*** DATA TO USE Section Begins ***

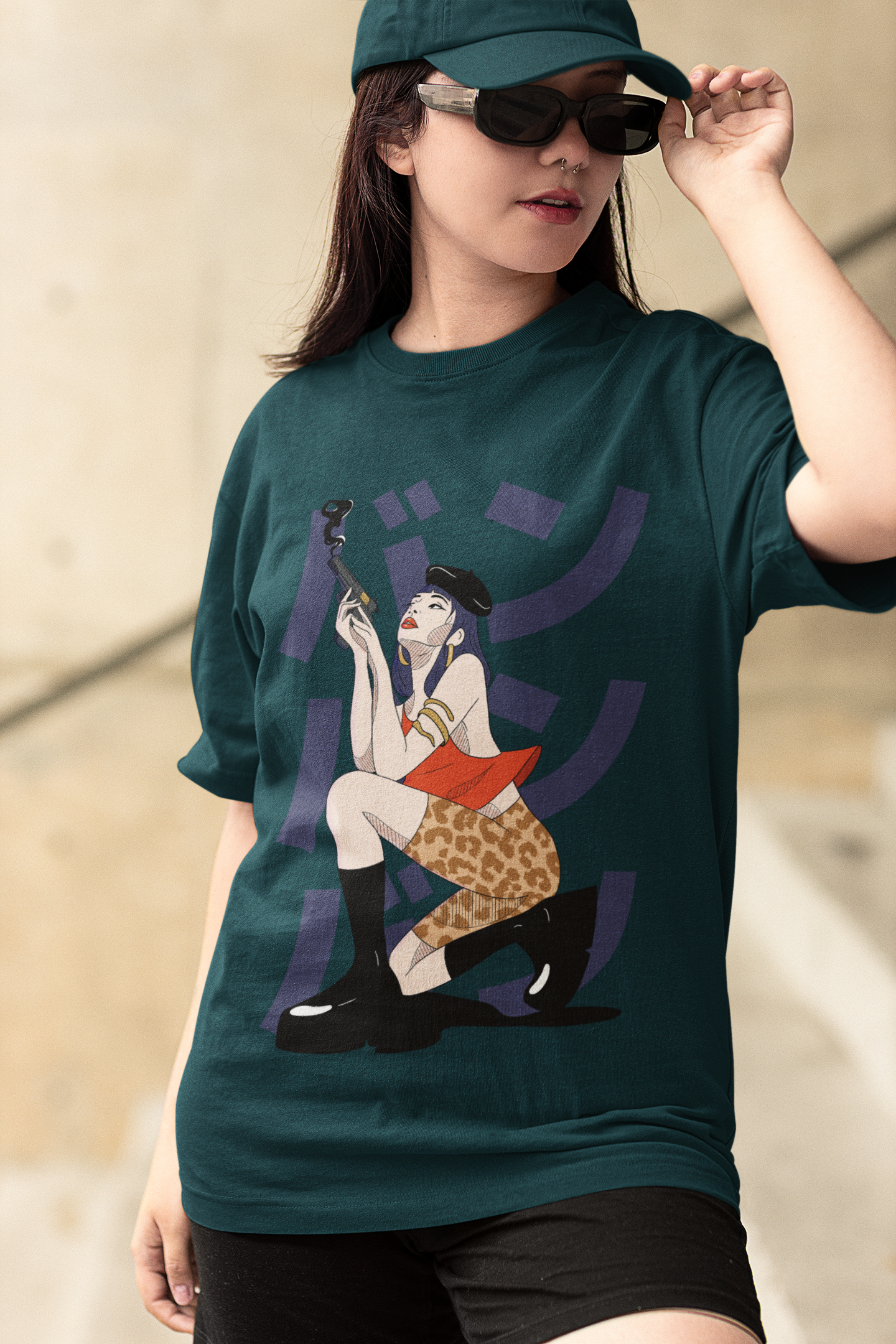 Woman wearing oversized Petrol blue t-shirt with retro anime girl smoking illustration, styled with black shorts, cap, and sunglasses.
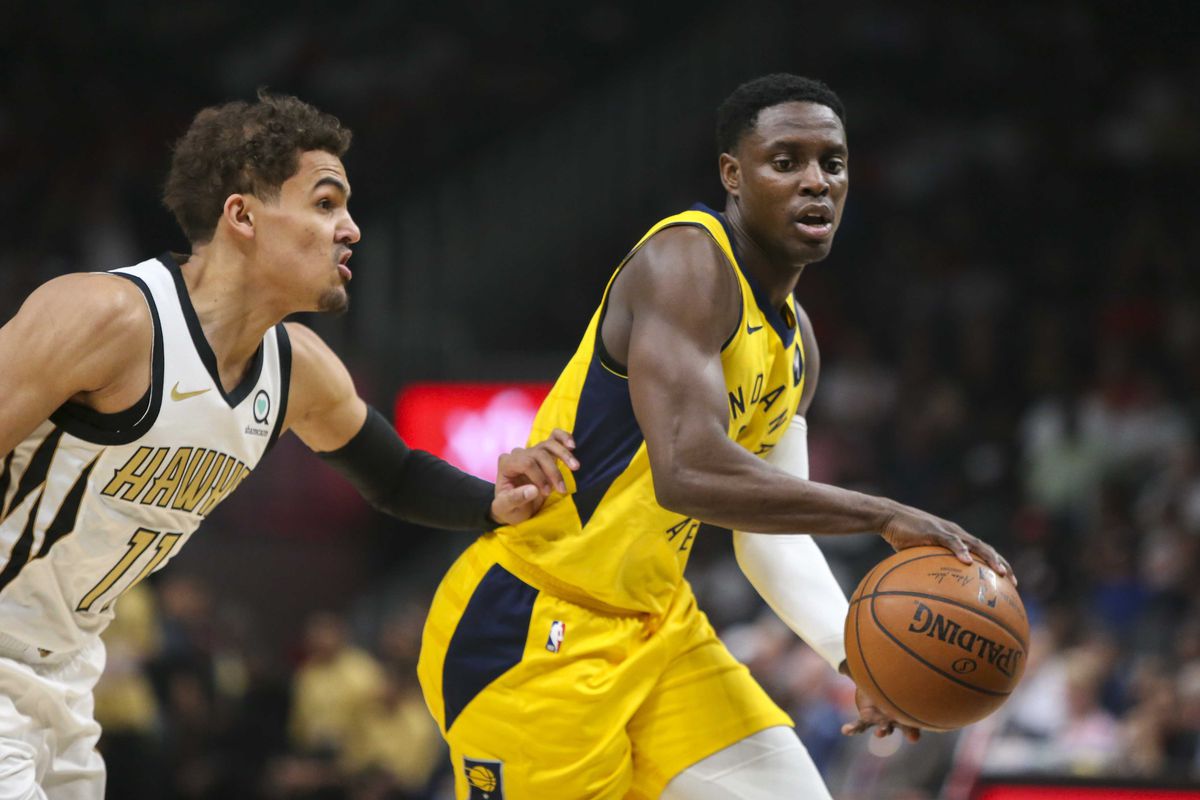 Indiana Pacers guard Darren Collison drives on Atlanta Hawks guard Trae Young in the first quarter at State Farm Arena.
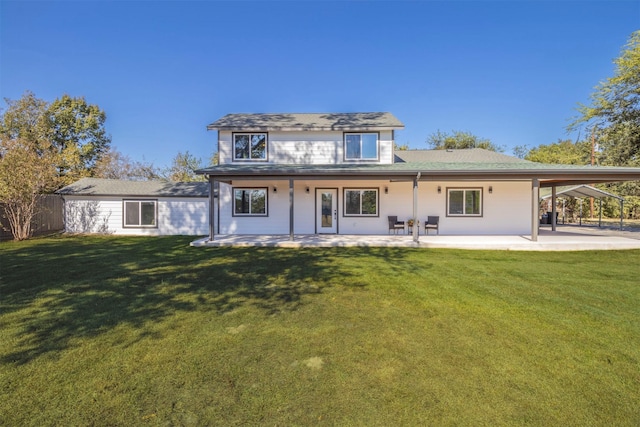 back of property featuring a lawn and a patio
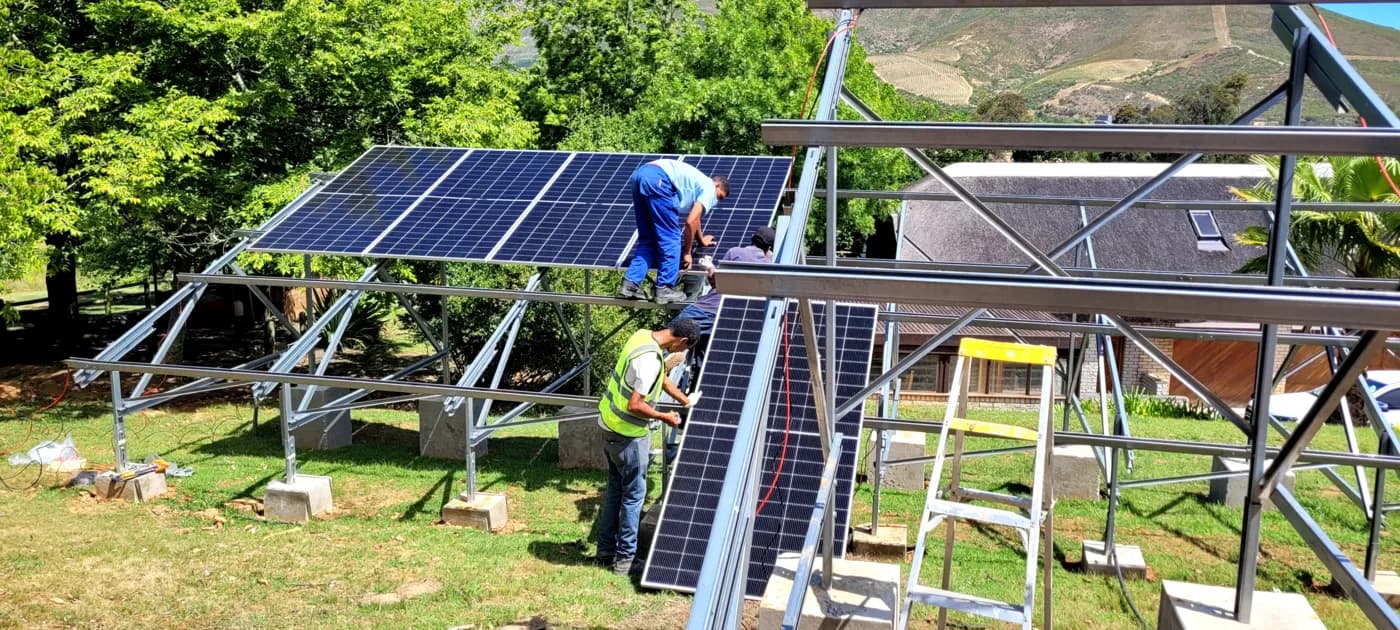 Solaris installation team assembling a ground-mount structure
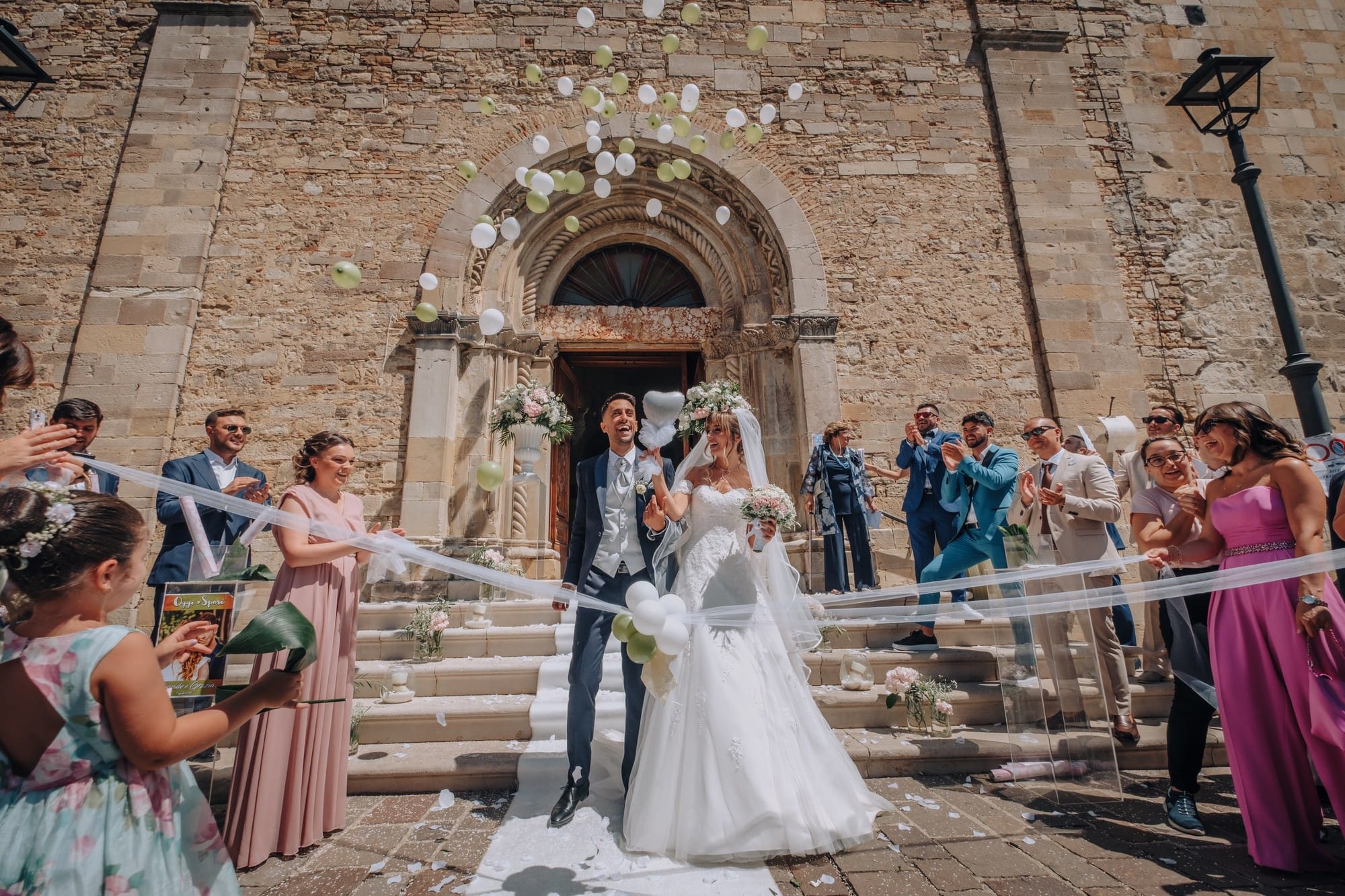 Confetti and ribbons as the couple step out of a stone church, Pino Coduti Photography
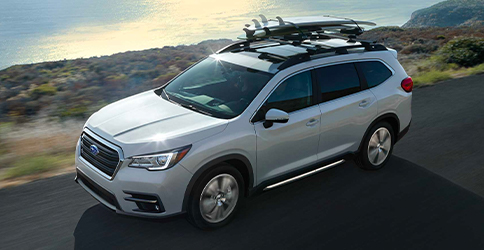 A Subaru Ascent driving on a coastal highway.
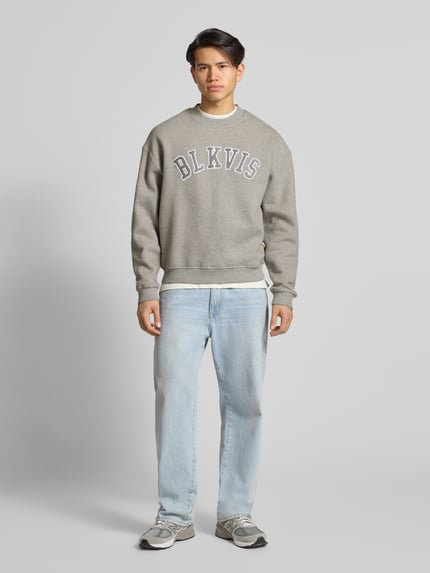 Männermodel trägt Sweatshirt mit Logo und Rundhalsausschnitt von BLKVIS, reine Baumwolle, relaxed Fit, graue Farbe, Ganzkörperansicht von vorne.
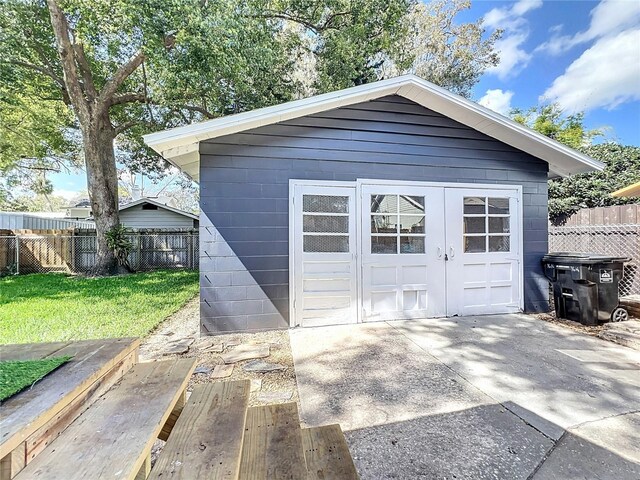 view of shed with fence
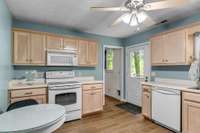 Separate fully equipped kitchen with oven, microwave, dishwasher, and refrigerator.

*** DATA TO USE Section Ends ***

EXERCISE
Begin with the line containing "view of shed with fence" and end with the last line of the entries above. Copy those lines exactly, both ends included, and drop every picture.

RESULT OF THIS EXERCISE
 view of shed with fence
 Separate fully equipped kitchen with oven, microwave, dishwasher, and refrigerator.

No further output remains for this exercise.